Insurance Reinstatement Fee Scam via SMS Text Messages
Text messages warning that an insurance policy has lapsed push recipients toward a phishing link or callback number to pay a fake reinstatement fee before coverage is supposedly canceled.
Part of: Insurance Reinstatement Fee Scam
Last reviewed: 5 July 2026
SMS lets scammers reach large numbers of people cheaply with a short, alarming message about a lapsed policy, relying on the format's brevity to avoid raising the same suspicion a longer phone pitch might.
How this scam works on SMS Text Messages
A text arrives claiming to be from a health, auto, or life insurer, warning that a payment failed and the policy will be canceled within 24 hours unless a fee is paid through a link or by calling a number back. The link leads to a spoofed payment page asking for card details and personal information, while the callback number connects to a scripted operator following the same reinstatement-fee pitch as phone-based versions.
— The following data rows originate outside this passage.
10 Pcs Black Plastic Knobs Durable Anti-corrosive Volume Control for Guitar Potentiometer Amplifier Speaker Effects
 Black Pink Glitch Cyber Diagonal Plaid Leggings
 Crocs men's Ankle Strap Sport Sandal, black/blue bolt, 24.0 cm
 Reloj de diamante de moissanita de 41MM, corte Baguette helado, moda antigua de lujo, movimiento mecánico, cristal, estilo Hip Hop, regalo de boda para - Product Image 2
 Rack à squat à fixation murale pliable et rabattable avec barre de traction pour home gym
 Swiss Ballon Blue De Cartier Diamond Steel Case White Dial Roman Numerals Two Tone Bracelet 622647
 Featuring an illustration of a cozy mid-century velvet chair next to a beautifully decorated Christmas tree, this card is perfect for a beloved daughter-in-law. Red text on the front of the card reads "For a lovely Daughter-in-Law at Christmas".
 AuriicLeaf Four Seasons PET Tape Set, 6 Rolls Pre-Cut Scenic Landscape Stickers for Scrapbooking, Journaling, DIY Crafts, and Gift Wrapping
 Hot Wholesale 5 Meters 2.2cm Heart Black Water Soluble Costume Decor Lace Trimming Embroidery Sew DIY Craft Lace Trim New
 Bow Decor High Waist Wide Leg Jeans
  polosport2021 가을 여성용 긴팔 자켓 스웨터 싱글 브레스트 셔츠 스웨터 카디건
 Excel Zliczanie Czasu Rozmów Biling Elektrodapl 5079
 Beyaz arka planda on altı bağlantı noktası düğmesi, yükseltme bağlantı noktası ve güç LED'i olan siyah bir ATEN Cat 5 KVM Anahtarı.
Because the message looks like a routine account alert, many recipients tap the link without checking the sender, especially if they genuinely do hold a policy with the impersonated company. Some versions personalize the text with a partial policy number or the recipient's first name pulled from breached data to increase credibility.
Common red flags
- Unsolicited text claiming your insurance policy will lapse within hours unless you act immediately
- A link to a payment page that doesn't match your insurer's actual domain
- Request to enter full card details on a page reached through a text link rather than your insurer's app
- Sender number is a regular mobile number or shortcode not previously used by your insurer
- Message contains urgency language and threats of immediate cancellation
- No personalized account details beyond a name, or details that don't match your actual policy
How to protect yourself
- Never tap payment links in unsolicited insurance texts; go directly to the insurer's official app or website instead
- Verify policy status by logging into your account directly, not through any link provided in a text
- Call your insurer using the number on your policy documents or card, not a number from the text
- Check the sender's number and domain carefully for subtle misspellings
- Forward suspicious texts to your carrier's spam-reporting short code before deleting
- Enable spam/scam filtering on your phone if your carrier offers it
How to report it
- Forward the scam text to 7726 (SPAM) if your carrier supports it, or your country's equivalent SMS-reporting short code
- Report the phishing link to your insurer's official fraud team
- Report the message to your phone's built-in spam reporting tool
- File a complaint with your telecom regulator or consumer protection agency
Frequently asked questions
How can I tell if the text is really from my insurer?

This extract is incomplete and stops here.